RECORDS SHOWN: Begin

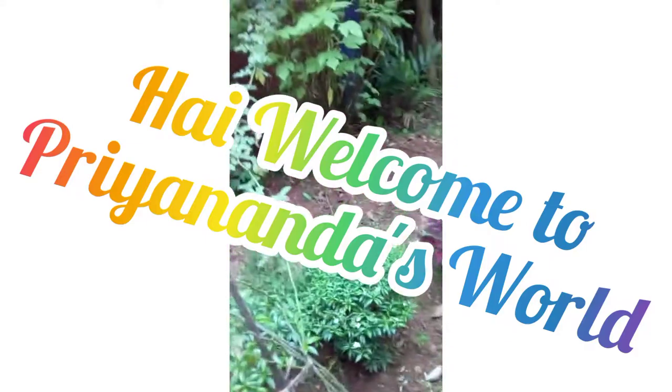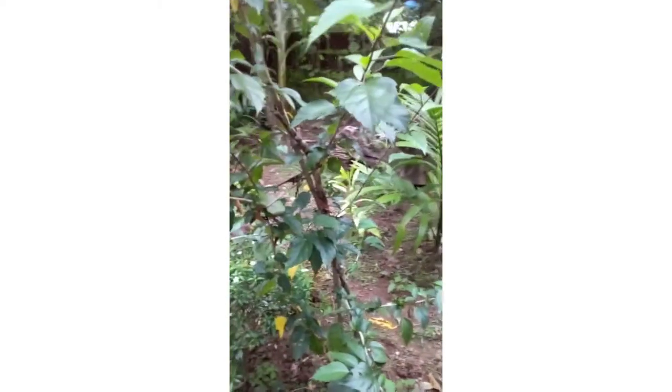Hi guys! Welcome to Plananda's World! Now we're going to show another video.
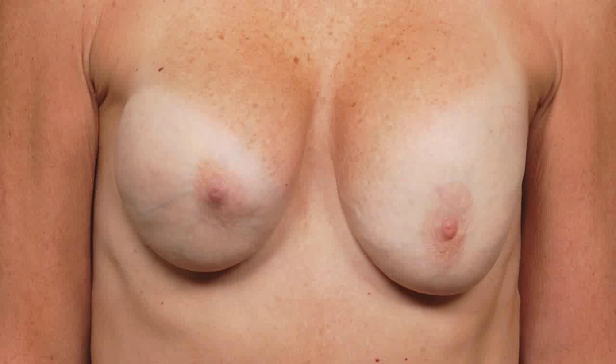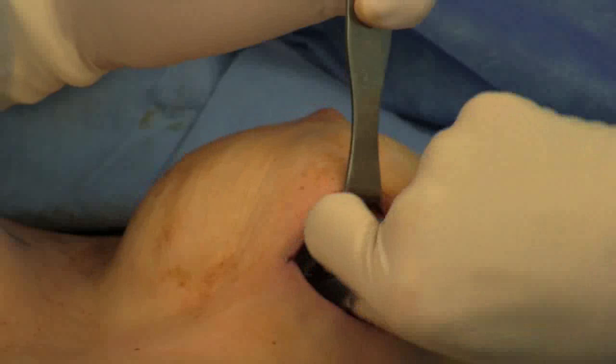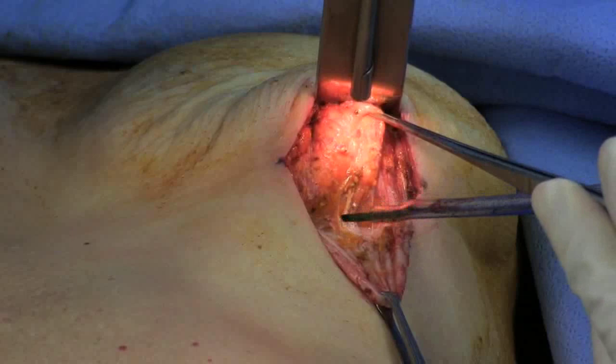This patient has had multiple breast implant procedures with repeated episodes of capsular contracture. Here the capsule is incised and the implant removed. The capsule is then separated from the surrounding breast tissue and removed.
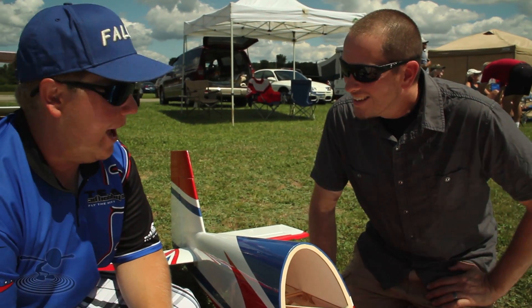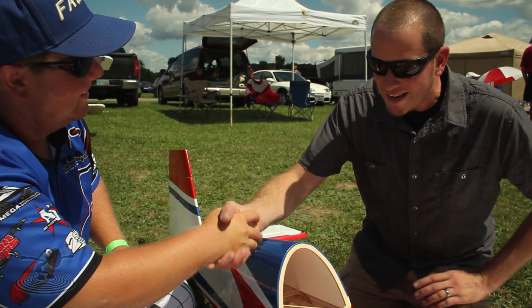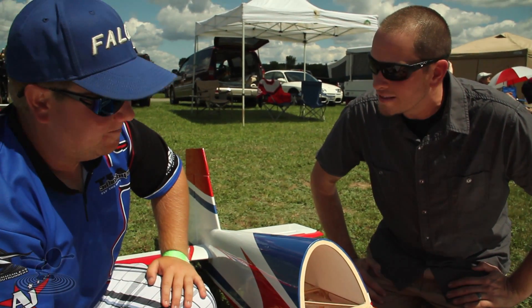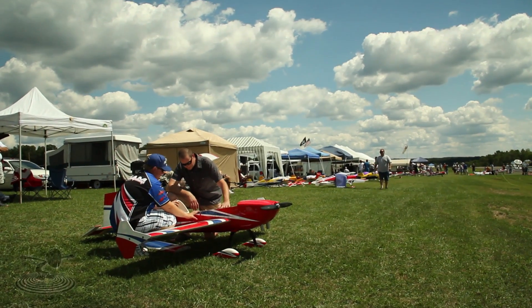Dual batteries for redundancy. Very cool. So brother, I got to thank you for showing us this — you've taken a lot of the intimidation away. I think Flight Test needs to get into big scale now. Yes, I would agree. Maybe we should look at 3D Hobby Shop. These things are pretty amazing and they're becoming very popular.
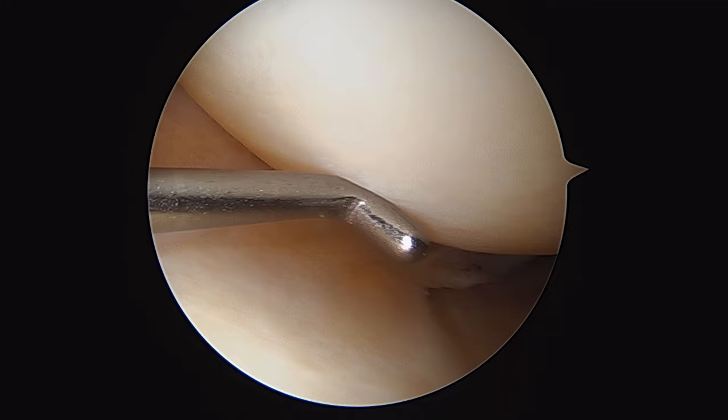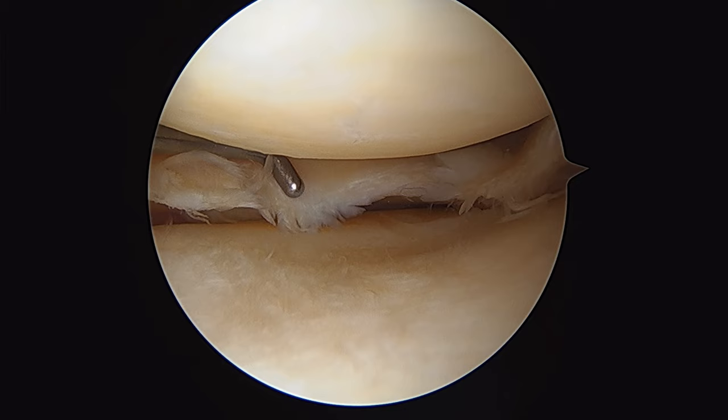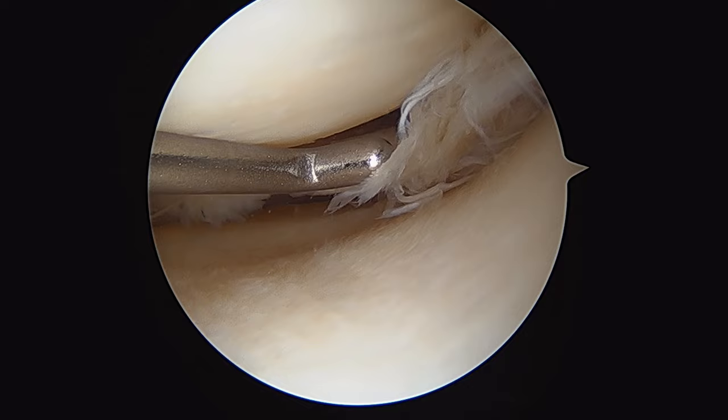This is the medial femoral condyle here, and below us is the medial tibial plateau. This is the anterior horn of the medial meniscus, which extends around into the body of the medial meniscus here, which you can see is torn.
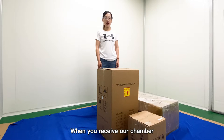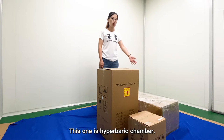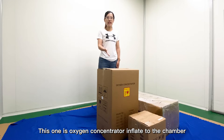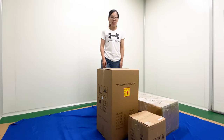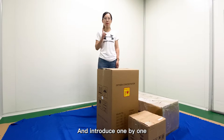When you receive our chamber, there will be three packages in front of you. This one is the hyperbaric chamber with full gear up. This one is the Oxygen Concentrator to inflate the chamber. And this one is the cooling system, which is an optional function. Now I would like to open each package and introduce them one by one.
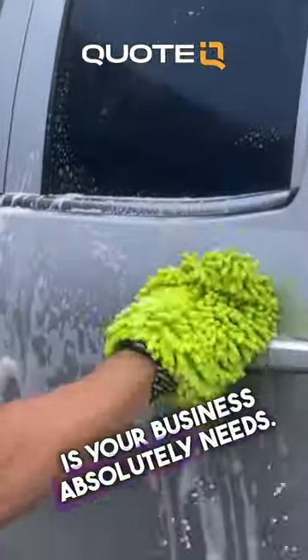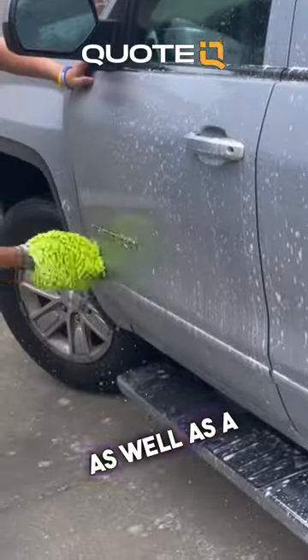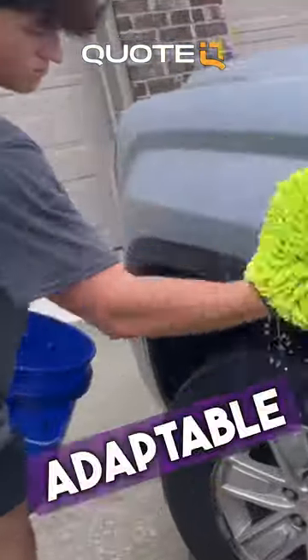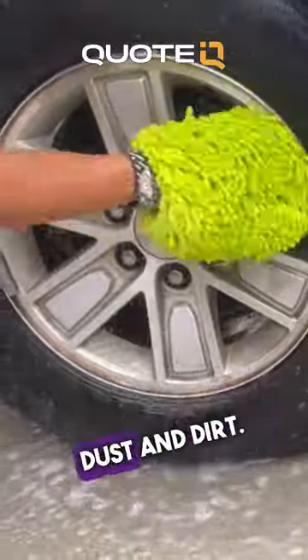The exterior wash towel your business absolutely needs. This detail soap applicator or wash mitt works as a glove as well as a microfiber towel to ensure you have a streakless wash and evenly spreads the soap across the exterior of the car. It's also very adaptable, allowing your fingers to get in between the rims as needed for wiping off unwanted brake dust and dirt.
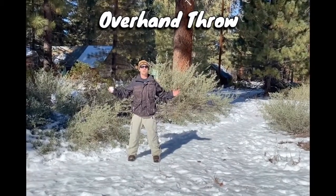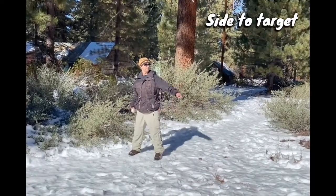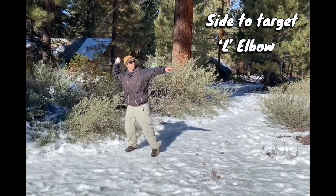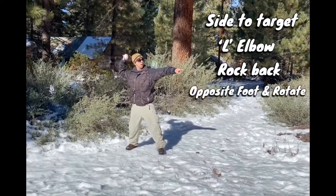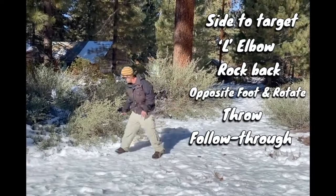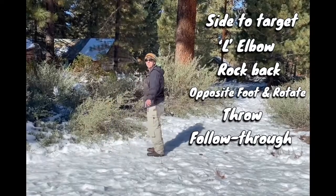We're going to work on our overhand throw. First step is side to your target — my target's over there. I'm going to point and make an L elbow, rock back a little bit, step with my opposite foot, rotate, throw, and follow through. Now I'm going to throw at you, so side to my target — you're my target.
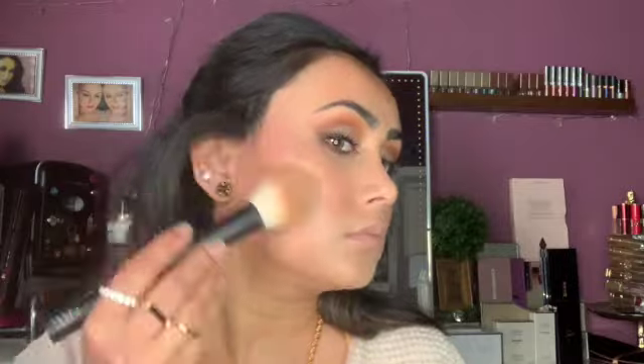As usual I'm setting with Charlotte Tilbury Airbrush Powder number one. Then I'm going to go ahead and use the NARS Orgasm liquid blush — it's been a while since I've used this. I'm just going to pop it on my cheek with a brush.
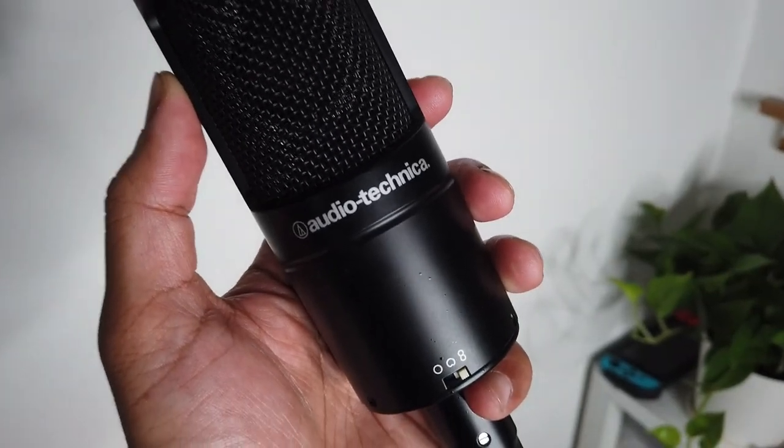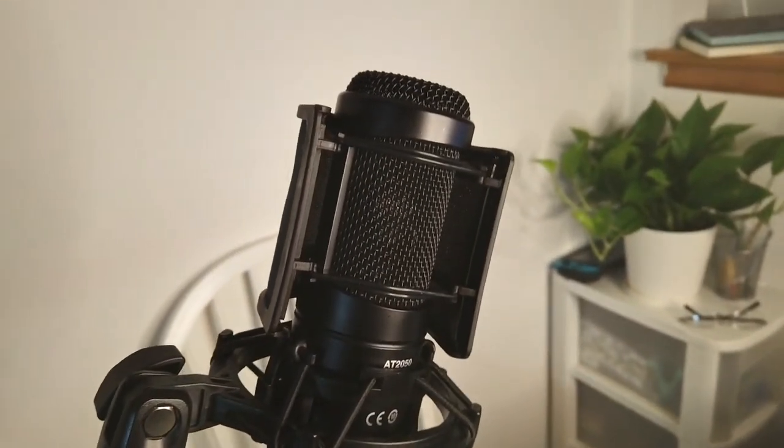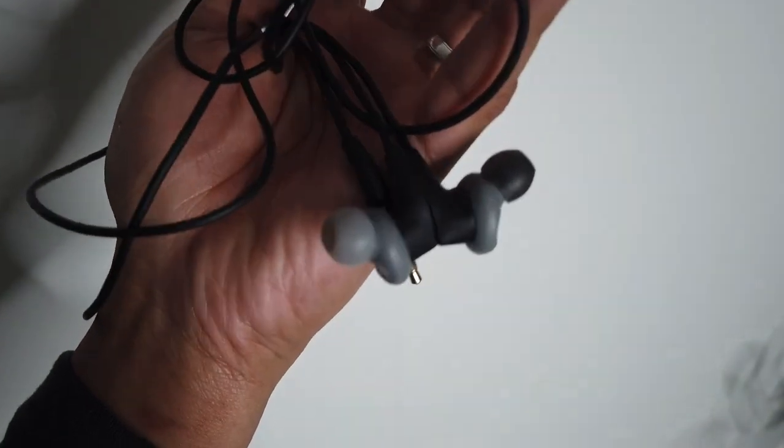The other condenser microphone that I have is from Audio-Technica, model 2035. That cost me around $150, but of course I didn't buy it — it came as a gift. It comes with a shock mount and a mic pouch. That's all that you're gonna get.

RECORDS SHOWN: End

**WORK TO BE COMPLETED:** Print each record exactly as it stands, skipping the pictures.

**TASK ANSWER:**
Hi guys! Welcome to Plananda's World! Now we're going to show another video.
This patient has had multiple breast implant procedures with repeated episodes of capsular contracture. Here the capsule is incised and the implant removed. The capsule is then separated from the surrounding breast tissue and removed.
Dual batteries for redundancy. Very cool. So brother, I got to thank you for showing us this — you've taken a lot of the intimidation away. I think Flight Test needs to get into big scale now. Yes, I would agree. Maybe we should look at 3D Hobby Shop. These things are pretty amazing and they're becoming very popular.
This is the medial femoral condyle here, and below us is the medial tibial plateau. This is the anterior horn of the medial meniscus, which extends around into the body of the medial meniscus here, which you can see is torn.
When you receive our chamber, there will be three packages in front of you. This one is the hyperbaric chamber with full gear up. This one is the Oxygen Concentrator to inflate the chamber. And this one is the cooling system, which is an optional function. Now I would like to open each package and introduce them one by one.
The exterior wash towel your business absolutely needs. This detail soap applicator or wash mitt works as a glove as well as a microfiber towel to ensure you have a streakless wash and evenly spreads the soap across the exterior of the car. It's also very adaptable, allowing your fingers to get in between the rims as needed for wiping off unwanted brake dust and dirt.
We're going to work on our overhand throw. First step is side to your target — my target's over there. I'm going to point and make an L elbow, rock back a little bit, step with my opposite foot, rotate, throw, and follow through. Now I'm going to throw at you, so side to my target — you're my target.
As usual I'm setting with Charlotte Tilbury Airbrush Powder number one. Then I'm going to go ahead and use the NARS Orgasm liquid blush — it's been a while since I've used this. I'm just going to pop it on my cheek with a brush.
The other condenser microphone that I have is from Audio-Technica, model 2035. That cost me around $150, but of course I didn't buy it — it came as a gift. It comes with a shock mount and a mic pouch. That's all that you're gonna get.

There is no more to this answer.